Part of the interest in online learning may be driven by cost. Among both Generation X and Baby Boomers just under half of the survey respondents consider business schools too expensive (45% and 48% respectively), perhaps seeking cheaper or free alternatives that can be taken online.

The transition to online learning has undoubtedly been difficult with schools having to make changes in a matter of days and weeks that would otherwise have taken years to deliver. Consequently, some of the experience of online learning has not always been as good as it might be. Just under four out of ten GenerationWeb survey respondents agree that their School has enhanced its reputation through the actions it has taken in recent weeks; although 40% neither agree nor disagree and 21% disagree.

With lifelong learning becoming ever more important, today’s students will also be tomorrow’s learners and schools could do much more to better understand attitudes to future learning by engaging today’s students. Just under half of the survey respondents (49%) indicate that their school is engaging them in thinking about the future of the business school, although only 12% definitely agree with this statement.
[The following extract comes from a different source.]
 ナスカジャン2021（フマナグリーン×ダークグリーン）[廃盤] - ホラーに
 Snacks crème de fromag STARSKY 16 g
While a move to online learning has been completed by most schools in recent months, being a student is about much more than academic study. Just over three-quarters of the survey respondents (76%) indicate that advice and support services have been provided online, while 69% said that career services had been provided online. Outcomes of these changes suggest the transition to online provision has been largely successful with 65% indicating that advice and support services were either very good or good, while 61% indicated that career services were either very good or good.

Attitudes to online learning vary around the world. In the See the Future study, respondents from the Americas were most likely to agree that ‘Face-to-face learning provides a richer and more effective experience than online learning’, while those from Africa and the Middle East were most likely to agree that ‘A blended model combining face-to-face and online learning is an ideal skills development path’.